For each family we serve, we fund-raise for anywhere between $40,000 to $90,000. We use that money to lower the purchase price, to lower the bar of entry for families who are currently priced out of the market. At the same time, our families agree that if they ever decide to sell, they will also pass on the opportunity to another income-qualified family. A home bought through our program is meant to stay affordable forever.
We started our work in 1999, after folks took a hard look at many of our neighborhoods, particularly in North and Northeast Portland. The neighborhoods were becoming gentrified and increasingly unaffordable. Proud Ground was started as a tool to provide opportunities for people to buy homes at a price they can afford.
Most of our families can’t afford a market-rate home, so we do need public and private resources to lower the purchase price. In urban renewal areas, we are fortunate to be able to use tax increment financing from those areas. We have also used other resources, such as federal grants and private foundation dollars to lower those purchase prices.
Focusing on Communities of Color
One of the most startling facts to me is that from 1945 to 1995, when you adjust for inflation, our parents and our grandparents paid about the same amount of money for a home. Fast forward today, and the price has doubled. What that means is that it’s getting harder and harder for folks who’ve historically been priced out of the market to ever get that first foot in the door.
We know that when your parents and grandparents own their home, you’re far more likely to own your own home. If that’s never been part of the family history, then it’s so much harder to enter the market and to buy that first home. We also know that there’s huge gap in homeownership among families of color, when compared to white families who own their own homes.
Communities of color are overrepresented in the renter community. That’s why our goal is to close the homeownership gap through targeted outreach: working with churches, employers and schools to make sure folks know that we’re out there. More than half of our households are households of color.
I graduated with a degree in communications from Lewis and Clark College. I worked in a public relations firm, then at Oregon Public Broadcasting then moved to METRO in their public affairs department. I took a position with then-Commissioner Sam Adams, working on housing policy and land use and planning issues. That’s when the interest and excitement that this organization represented first came to me. I had the opportunity to serve on the board for three years. When the opportunity of role of executive director became available, I applied, and here I am.

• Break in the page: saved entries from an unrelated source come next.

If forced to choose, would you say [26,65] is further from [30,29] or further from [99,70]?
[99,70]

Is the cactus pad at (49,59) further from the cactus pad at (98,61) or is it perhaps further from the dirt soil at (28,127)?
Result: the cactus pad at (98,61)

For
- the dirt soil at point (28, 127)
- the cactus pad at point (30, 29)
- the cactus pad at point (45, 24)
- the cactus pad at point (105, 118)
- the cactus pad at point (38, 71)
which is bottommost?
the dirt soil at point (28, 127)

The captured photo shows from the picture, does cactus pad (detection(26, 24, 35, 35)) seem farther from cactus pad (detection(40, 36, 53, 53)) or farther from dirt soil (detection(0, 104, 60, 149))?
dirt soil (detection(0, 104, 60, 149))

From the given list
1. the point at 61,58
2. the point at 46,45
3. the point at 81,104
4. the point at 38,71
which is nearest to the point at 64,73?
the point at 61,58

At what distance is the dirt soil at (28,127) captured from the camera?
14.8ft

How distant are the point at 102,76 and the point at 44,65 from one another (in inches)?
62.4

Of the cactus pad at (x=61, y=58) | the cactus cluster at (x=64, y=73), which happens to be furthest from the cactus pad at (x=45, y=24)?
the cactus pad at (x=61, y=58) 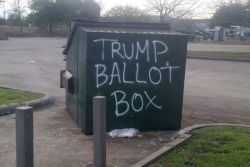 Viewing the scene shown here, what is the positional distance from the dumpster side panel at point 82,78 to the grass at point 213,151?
58.3 inches

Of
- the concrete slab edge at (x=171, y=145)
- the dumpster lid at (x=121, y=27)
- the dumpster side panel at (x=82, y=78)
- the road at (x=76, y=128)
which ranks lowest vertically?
the road at (x=76, y=128)

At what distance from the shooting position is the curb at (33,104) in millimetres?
7947

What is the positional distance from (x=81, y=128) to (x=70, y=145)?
65cm

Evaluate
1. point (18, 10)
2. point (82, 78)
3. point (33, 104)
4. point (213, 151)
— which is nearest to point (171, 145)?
point (213, 151)

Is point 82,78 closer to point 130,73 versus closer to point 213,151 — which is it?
point 130,73

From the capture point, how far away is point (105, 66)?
630cm

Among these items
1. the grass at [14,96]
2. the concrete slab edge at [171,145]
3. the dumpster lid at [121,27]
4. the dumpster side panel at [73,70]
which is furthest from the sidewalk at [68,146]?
the dumpster lid at [121,27]

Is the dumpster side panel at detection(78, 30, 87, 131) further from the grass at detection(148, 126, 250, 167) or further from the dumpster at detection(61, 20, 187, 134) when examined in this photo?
the grass at detection(148, 126, 250, 167)

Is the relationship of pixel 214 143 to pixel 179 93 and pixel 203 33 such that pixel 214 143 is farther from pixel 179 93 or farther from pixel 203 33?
pixel 203 33

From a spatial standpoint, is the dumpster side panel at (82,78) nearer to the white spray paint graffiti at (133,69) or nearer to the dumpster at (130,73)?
the dumpster at (130,73)

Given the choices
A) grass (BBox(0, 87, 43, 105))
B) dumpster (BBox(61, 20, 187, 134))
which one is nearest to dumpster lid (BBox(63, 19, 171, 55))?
dumpster (BBox(61, 20, 187, 134))

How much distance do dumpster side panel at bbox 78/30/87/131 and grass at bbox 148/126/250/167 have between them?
1.48 metres

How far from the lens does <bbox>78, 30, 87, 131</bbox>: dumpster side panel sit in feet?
20.6

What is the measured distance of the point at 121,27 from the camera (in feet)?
22.5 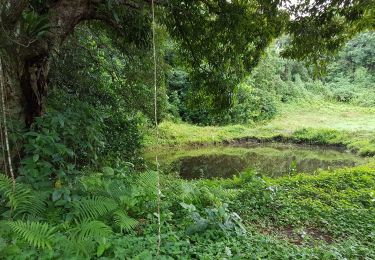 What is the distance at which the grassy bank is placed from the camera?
18078 mm

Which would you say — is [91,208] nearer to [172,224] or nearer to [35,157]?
[35,157]

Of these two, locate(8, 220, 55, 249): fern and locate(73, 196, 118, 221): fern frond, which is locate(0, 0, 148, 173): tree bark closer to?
locate(73, 196, 118, 221): fern frond

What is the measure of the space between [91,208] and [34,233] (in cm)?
80

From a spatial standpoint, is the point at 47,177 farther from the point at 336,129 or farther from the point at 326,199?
the point at 336,129

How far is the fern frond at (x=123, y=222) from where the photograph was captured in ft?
11.2

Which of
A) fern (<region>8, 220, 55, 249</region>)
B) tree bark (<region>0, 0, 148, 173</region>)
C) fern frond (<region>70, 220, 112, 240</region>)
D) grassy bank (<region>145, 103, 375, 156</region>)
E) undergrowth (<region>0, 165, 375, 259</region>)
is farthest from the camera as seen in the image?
grassy bank (<region>145, 103, 375, 156</region>)

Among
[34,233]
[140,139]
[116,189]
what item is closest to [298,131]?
[140,139]

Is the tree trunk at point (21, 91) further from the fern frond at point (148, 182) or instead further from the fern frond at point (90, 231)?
the fern frond at point (148, 182)

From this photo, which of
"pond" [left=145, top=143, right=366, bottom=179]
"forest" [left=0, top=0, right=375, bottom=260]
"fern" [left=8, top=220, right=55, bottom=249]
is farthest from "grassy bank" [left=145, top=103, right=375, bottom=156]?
"fern" [left=8, top=220, right=55, bottom=249]

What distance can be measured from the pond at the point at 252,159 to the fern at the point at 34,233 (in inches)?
376

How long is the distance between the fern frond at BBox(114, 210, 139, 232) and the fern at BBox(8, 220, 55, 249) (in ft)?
2.47

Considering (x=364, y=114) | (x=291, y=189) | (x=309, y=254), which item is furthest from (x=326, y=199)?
(x=364, y=114)

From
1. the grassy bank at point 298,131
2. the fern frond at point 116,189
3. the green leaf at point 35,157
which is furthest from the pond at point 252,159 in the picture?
the green leaf at point 35,157

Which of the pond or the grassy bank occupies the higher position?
the grassy bank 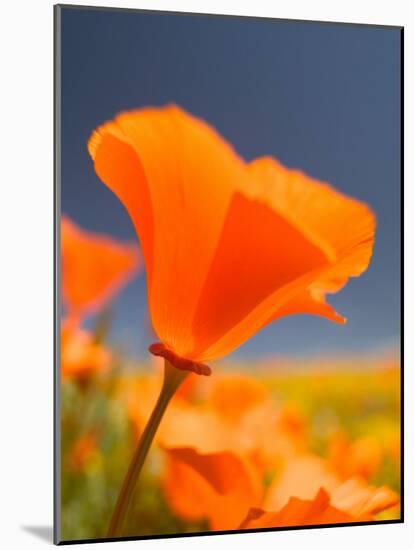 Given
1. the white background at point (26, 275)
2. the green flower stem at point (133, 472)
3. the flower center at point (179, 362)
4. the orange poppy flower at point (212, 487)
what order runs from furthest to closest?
the white background at point (26, 275) → the orange poppy flower at point (212, 487) → the flower center at point (179, 362) → the green flower stem at point (133, 472)

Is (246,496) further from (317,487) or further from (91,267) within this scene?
(91,267)

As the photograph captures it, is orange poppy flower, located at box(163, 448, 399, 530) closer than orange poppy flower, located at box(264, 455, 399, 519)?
Yes

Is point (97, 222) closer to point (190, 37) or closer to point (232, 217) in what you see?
point (190, 37)

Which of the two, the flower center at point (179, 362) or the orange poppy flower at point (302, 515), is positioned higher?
the flower center at point (179, 362)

As executive director, my primary role is to ensure that the organization has the resources to meet its mission. Do we have the money to operate? Do we have the resources needed to make homes affordable for our families? Do we have the staff and members of the board to carry out the work?
My cultural experiences are integral to the way that I lead. Being willing to constantly ask the difficult but important questions are critical: are we doing the best we can to serve the broad diversity in our community?
Each individual homeowner represents such a great success. One of our most recent homeowners has moved into a green and sustainable home we just built, and he no longer has chronic allergies. One family moved eight times in 10 years. Now they have a permanent place to call home, they won’t have to switch schools in the middle of the school year because the rent went up too much.
A critical part of our success is being a transparent and honest organization. It’s about building relationships with people over time so they understand and come to really know the organization. Buying a home is a big step, especially if you’ve never thought it was possible.
“It takes a village…”
Our approach in homeownership is unique, and we are successful in our approach. We hope to get our story out to more people who should know about us. We recently expanded to serve all of Multnomah County, particularly Gresham. We hope to very soon be serving Washington County as well.
Our homeowners come from all walks of life. The majority of families we serve have children, and many of our families have children after they purchase their first home. A great majority are female-headed households. There are homeowners living with disabilities. We have clients that are new families who are in their 20s, and we also serve seniors who are retired.
We’re proud that we have no foreclosures, despite the economic downturn. Because our families have affordable mortgages, they have been able to weather a job loss, or reduction in work hours, without risking losing their home.
It takes a village to purchase a home. We work in partnership with public funders and the private sector. Whether it’s working with a local regional bank to help a family secure a mortgage, or working with a community-minded for-profit developer who’s interested in building quality, sustainable homes at a price point that our families can afford.